### Raw data

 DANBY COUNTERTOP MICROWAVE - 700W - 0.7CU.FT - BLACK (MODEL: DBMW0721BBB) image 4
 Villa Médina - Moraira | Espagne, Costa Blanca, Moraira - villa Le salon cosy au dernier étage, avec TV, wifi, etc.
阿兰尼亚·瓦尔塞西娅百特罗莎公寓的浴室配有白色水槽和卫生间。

######
### Raw data

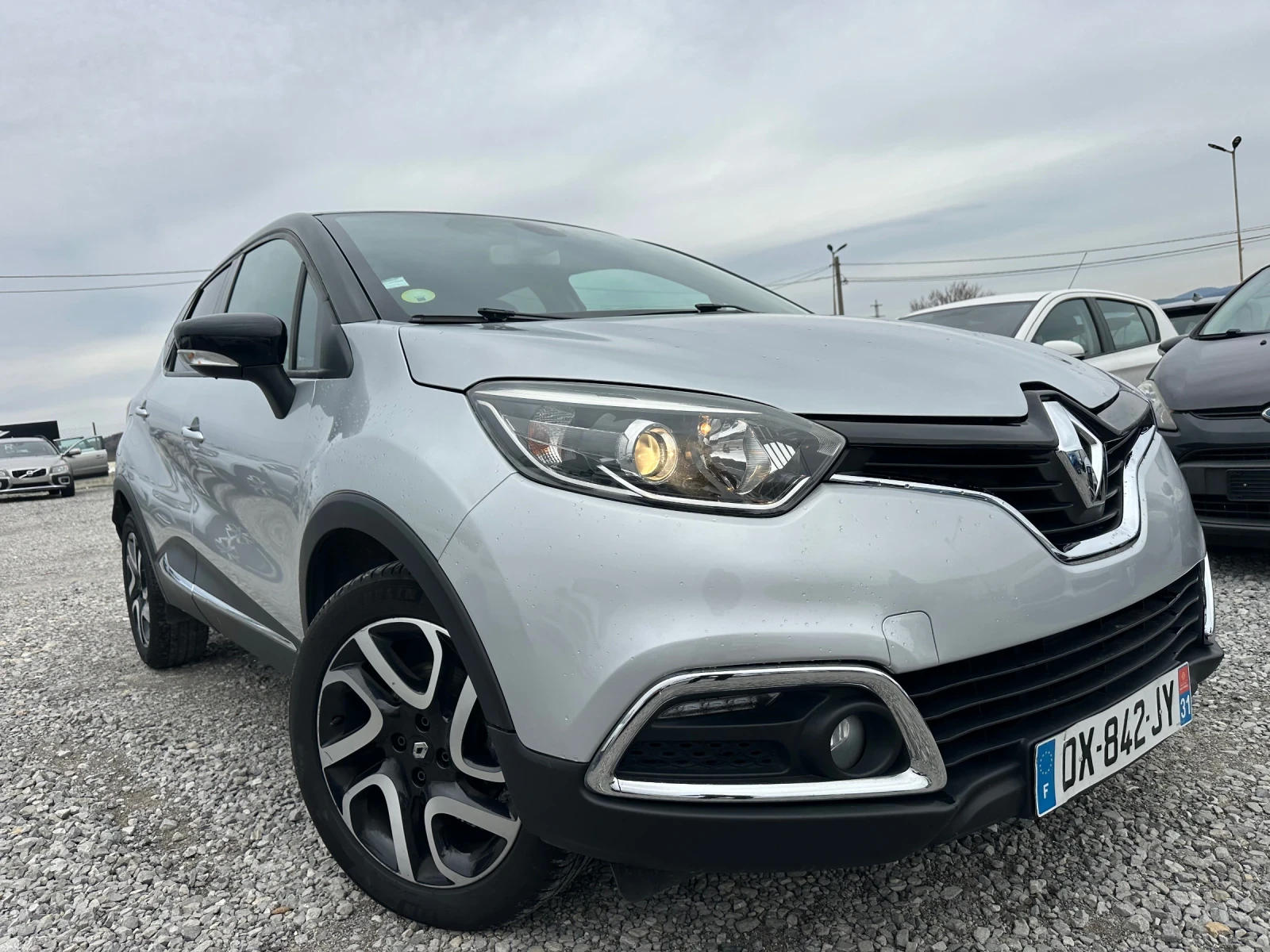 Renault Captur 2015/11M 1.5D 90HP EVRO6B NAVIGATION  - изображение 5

######
### Raw data

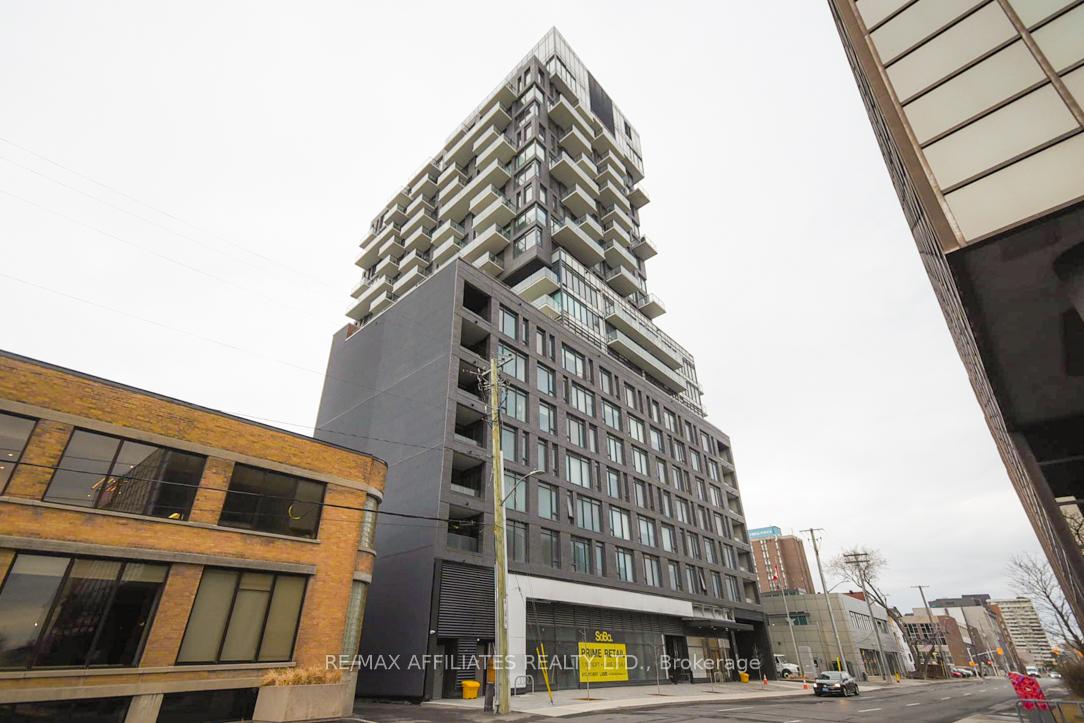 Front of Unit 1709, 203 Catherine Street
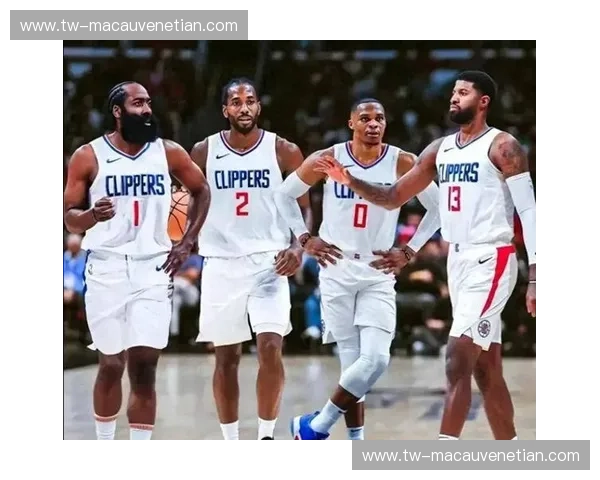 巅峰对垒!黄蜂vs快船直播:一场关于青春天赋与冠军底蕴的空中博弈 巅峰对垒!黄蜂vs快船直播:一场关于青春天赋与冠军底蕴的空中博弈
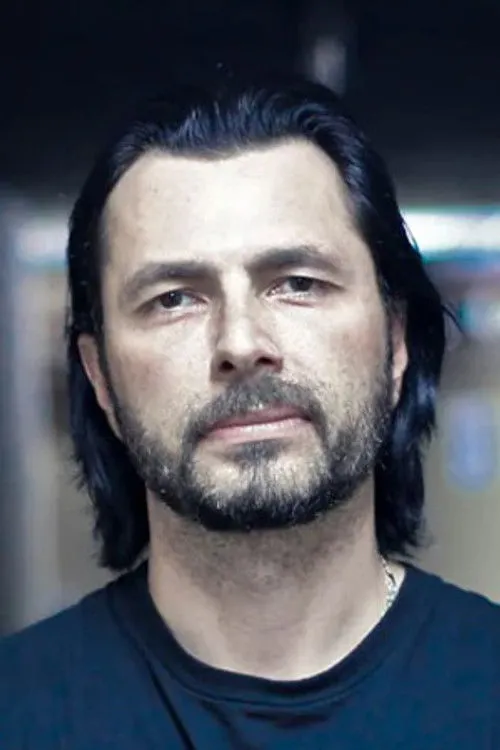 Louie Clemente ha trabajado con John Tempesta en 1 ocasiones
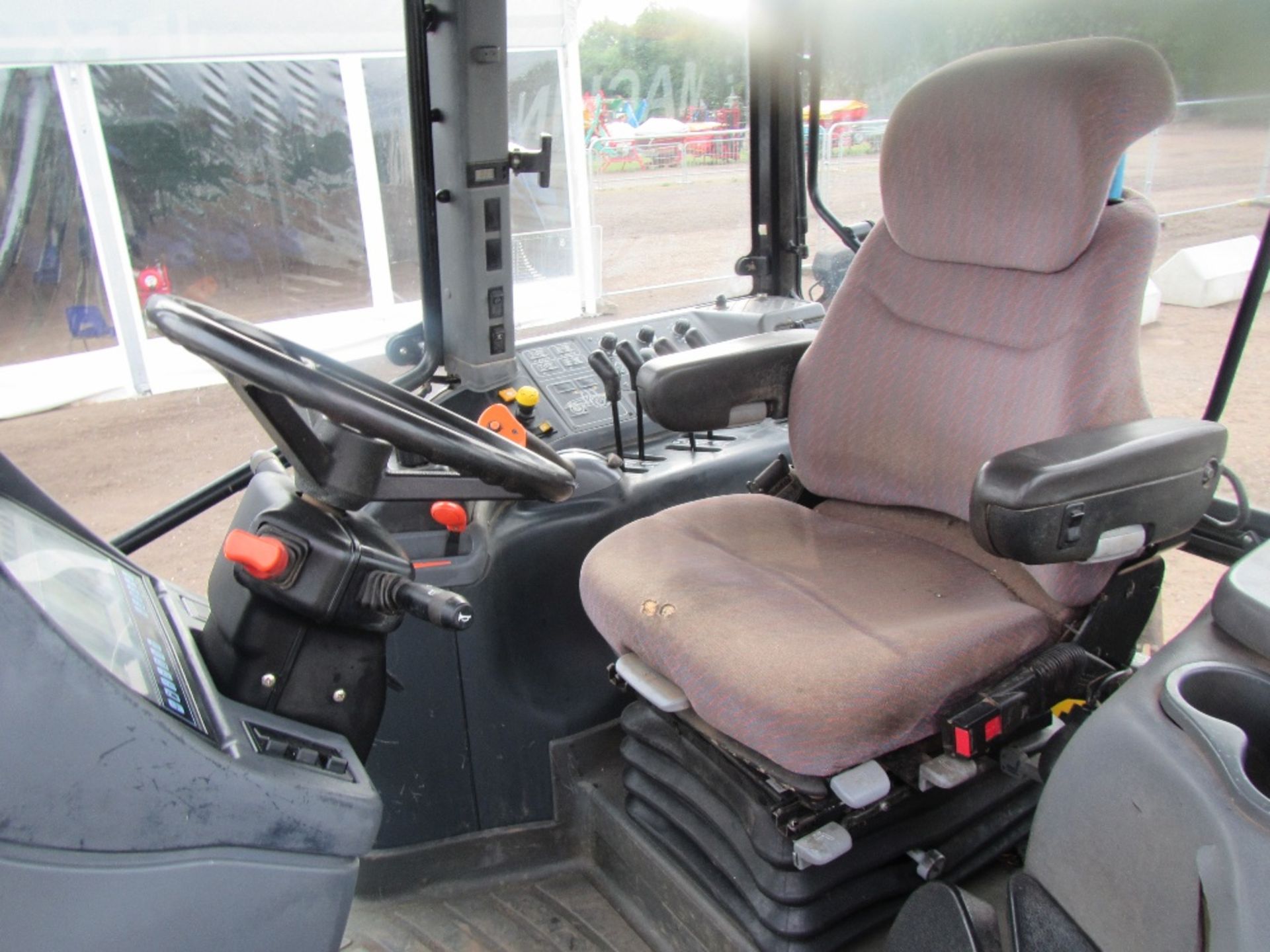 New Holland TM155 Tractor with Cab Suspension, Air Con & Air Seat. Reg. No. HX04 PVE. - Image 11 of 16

######

◆ Goal of the exercise
Using the listing above, reproduce word for word every line from the one containing "Louie Clemente ha" through the one containing "New Holland TM155". Pictures must be left out.

◆ Response to this task
 Louie Clemente ha trabajado con John Tempesta en 1 ocasiones
 New Holland TM155 Tractor with Cab Suspension, Air Con & Air Seat. Reg. No. HX04 PVE. - Image 11 of 16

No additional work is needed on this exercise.